** Opening Raw data block **

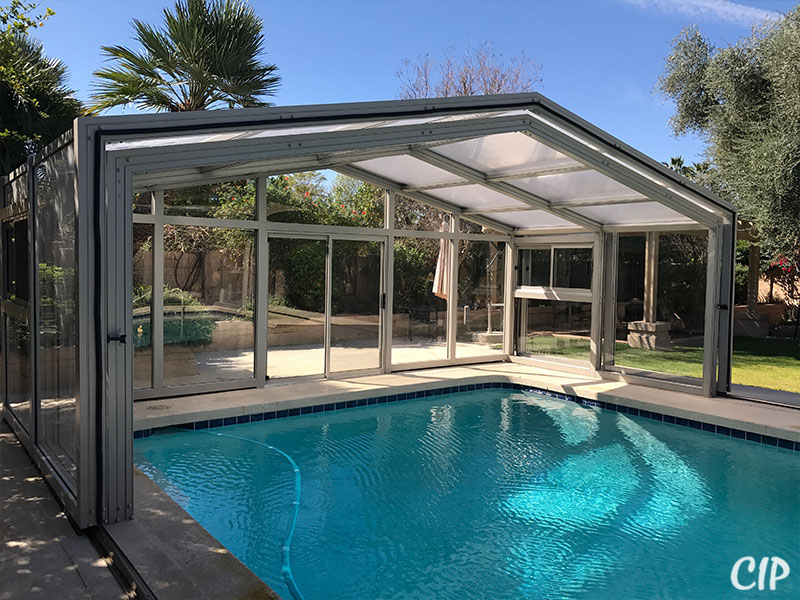 Automatic Retractable Pool Enclosure Open New Zealand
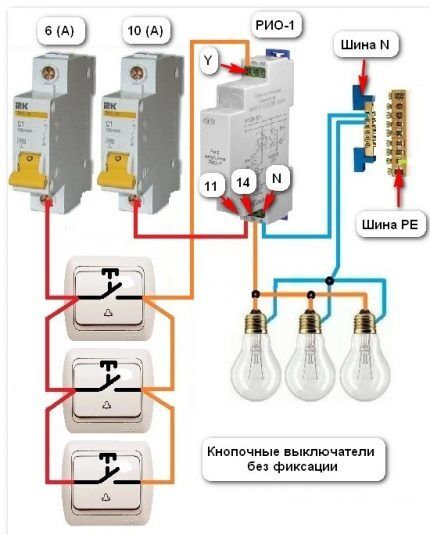 Следует выбирать наиболее подходящую схему Схема подключения с двумя автоматами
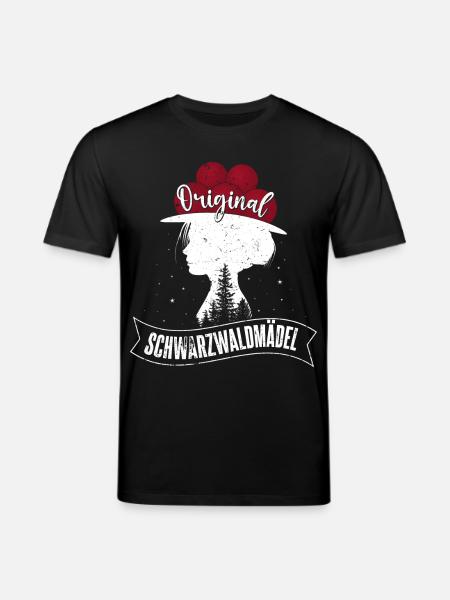 Original Schwarzwaldmädel Schwarzwald Bollenhut - Stanley/Stella Unisex Bio-T-Shirt CREATOR - Schwarz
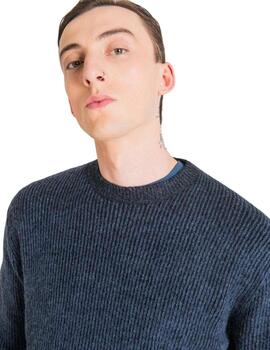Antony Morato Jersey Knitted Sweater Ink Blu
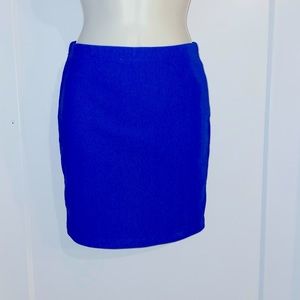 Forever 21 royal blue skirt size small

** Closing Raw data block **

» What you need to do:
An exact copy is needed of every line from the one holding "Original Schwarzwaldmädel Schwarzwald" to the end of the entries above, both ends kept and each picture dropped.

» Solved exercise:
 Original Schwarzwaldmädel Schwarzwald Bollenhut - Stanley/Stella Unisex Bio-T-Shirt CREATOR - Schwarz
Antony Morato Jersey Knitted Sweater Ink Blu
 Forever 21 royal blue skirt size small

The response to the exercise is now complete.